The intervention talk had helped Japanese equities cut their losses on strength in exporter stocks, but the benchmark index drifted lower later in the day.

European shares opened lower after latest US jobless claims figures added to persistent concerns that the global economic recovery was still fragile.

Britain's FTSE 100 was down 0.3 per cent, Germany's DAX fell 0.2 per cent, and France's CAC-40 eased as much as 0.4 per cent.

Five-month peak

The MSCI index for Asia ex-Japan stocks was flat following the US jobless data, although the benchmark is up one per cent on the week. It is just off a five month peak struck earlier last week.

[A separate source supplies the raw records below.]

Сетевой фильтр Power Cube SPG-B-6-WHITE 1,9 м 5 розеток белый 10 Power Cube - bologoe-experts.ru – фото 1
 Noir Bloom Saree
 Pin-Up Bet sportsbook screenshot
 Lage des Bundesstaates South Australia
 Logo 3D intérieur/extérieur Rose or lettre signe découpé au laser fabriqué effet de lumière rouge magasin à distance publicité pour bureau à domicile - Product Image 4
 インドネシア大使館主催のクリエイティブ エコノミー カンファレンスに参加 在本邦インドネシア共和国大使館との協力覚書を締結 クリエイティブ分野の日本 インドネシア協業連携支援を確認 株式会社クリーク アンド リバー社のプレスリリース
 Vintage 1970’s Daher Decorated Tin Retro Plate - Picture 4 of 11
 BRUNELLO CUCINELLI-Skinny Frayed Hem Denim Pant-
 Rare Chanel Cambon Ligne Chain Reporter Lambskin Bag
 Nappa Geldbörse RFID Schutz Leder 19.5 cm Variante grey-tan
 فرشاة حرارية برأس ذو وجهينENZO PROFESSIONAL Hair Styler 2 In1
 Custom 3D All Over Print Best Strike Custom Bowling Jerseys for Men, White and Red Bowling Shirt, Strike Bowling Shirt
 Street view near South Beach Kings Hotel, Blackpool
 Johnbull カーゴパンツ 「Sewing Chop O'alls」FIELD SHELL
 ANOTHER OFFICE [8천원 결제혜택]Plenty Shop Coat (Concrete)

Initial US claims for state unemployment benefits increased 12,000 to 465,000 last week, the Labour Department said on Thursday, breaking two straight weeks of declines. Financial markets had forecast claims steady at 450,000.

Japan's Nikkei share average finished down one per cent after initially climbing on the yen intervention talk.

Rising diplomatic tensions between Japan and China also weighed on sentiment.

"The Nikkei was only briefly helped by the talk of intervention, especially since it's hard to tell if any such move actually took place," said Koichi Ogawa, chief portfolio manager at Daiwa SB Investments.

Risk factors

"There's a lot of risk factors that have suddenly emerged, such as the situation with China, and this is making it very hard for the Nikkei to rise."

The dollar rose as high as 85.40 yen (Dh3.70) from about 84.55 yen in a matter of minutes, and several traders said it looked like the Bank of Japan, which acts on behalf of the Ministry of Finance, had been selling yen.

The currency drifted back towards 84.70 yen on the lack of confirmation on government intervention.